• _Recorded data_

********************

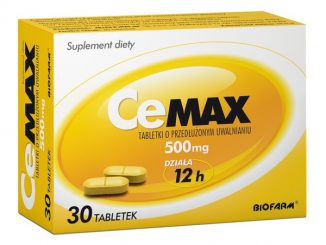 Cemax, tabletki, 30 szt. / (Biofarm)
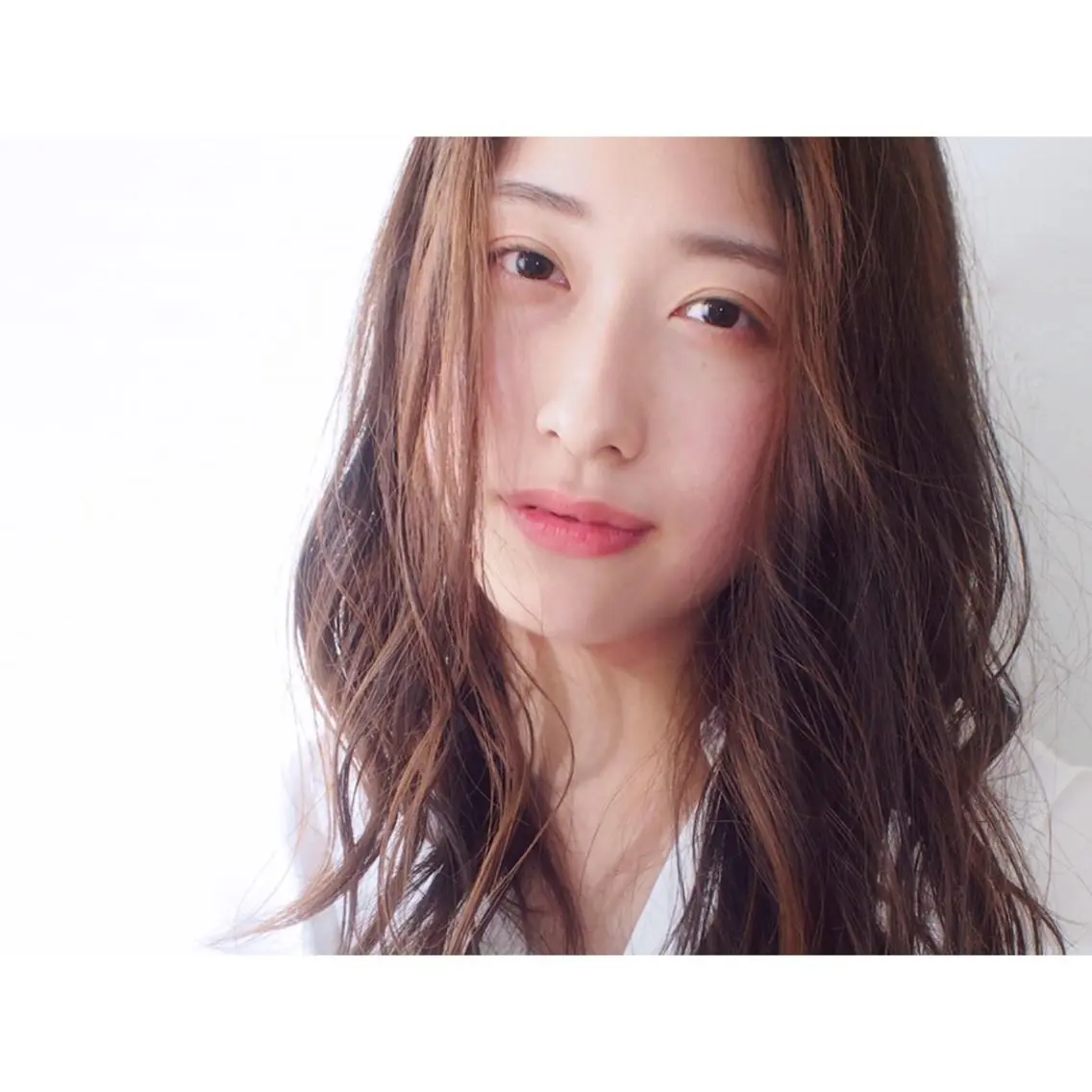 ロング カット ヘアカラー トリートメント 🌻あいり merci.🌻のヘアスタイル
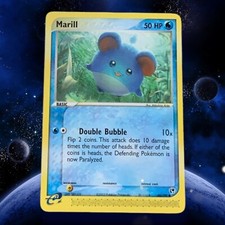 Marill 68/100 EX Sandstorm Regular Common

********************

• _Problem details_
All of the data above needs to be given again exactly. Leave out each image.

• _Task response_
 Cemax, tabletki, 30 szt. / (Biofarm)
 ロング カット ヘアカラー トリートメント 🌻あいり merci.🌻のヘアスタイル
 Marill 68/100 EX Sandstorm Regular Common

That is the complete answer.